A lot has changed in climbing. There's plenty of crusty and dusty old dudes on mountain project giving you a million variations of that same lament. Now, I'd like to embrace my inner curmudgeon and add to that growing and futile cacophony -- except instead of bemoaning the proliferation of bolts, the pilfering of land access, and the exploding population growth of gym rats, I want to talk about "butt shots."
Russ on "Cashmere" at Palisades Park |
Remember the glory days of overly edited and poorly enhanced butt
shot climbing photos? When your (hopefully non-belaying) friend would snag a phone camera photo from the ground of you on your route? It was an equalized, democratic, even Jeffersonian ideal of climbing photography.
We were all the same out there, and online.

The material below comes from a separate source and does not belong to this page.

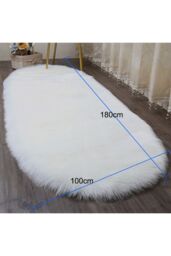 Living and Home 180 x 100cm Oval Super Soft Shaggy Area Rug in White - Size: 100 cm x 180 cm - thumbnail 6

myself on "Sacbrood Virus" at the RRG |
But now it seems like every recreational climber has a personal photographer jugging up an adjacent line snagging radical top-down action shots with fancy cameras and professional editing programs to bless their followers' feeds. Every instagram post looks like a curated photo from Rock and Ice instead of, you know, you and your friends just out having a good time in the woods.
Julia at the Small Wall at the Obed |
Climbing photography has gotten bougie, elitist, and exclusive.
Media outlets like REI make it very clear, they want NO MORE BUTT SHOTS. Climbing Magazine wants you to go "Beyond the Butt Shot." And Mountain Project even asks you, before even uploading a photo, to reconsider uploading a posterior picture to their data base.
Andrew pulling through the roof of "Wild Pink" at T-Wall |
Well, I'm sick of action shots from the top and side. I'm tired of having an elitist aesthetic forced down my throat by the burgeoning bourgeois of drone operated climbing photographers. The vast majority of us will never know what it's like to climb with an Andrew Burr or a ladylockoff but we still have memories to share. We are climbing photography's proletariat and we will not be ashamed of our posts.
Camera-phone-butt-shot climbing photographers of the world, unite. You have nothing to lose but your "likes!"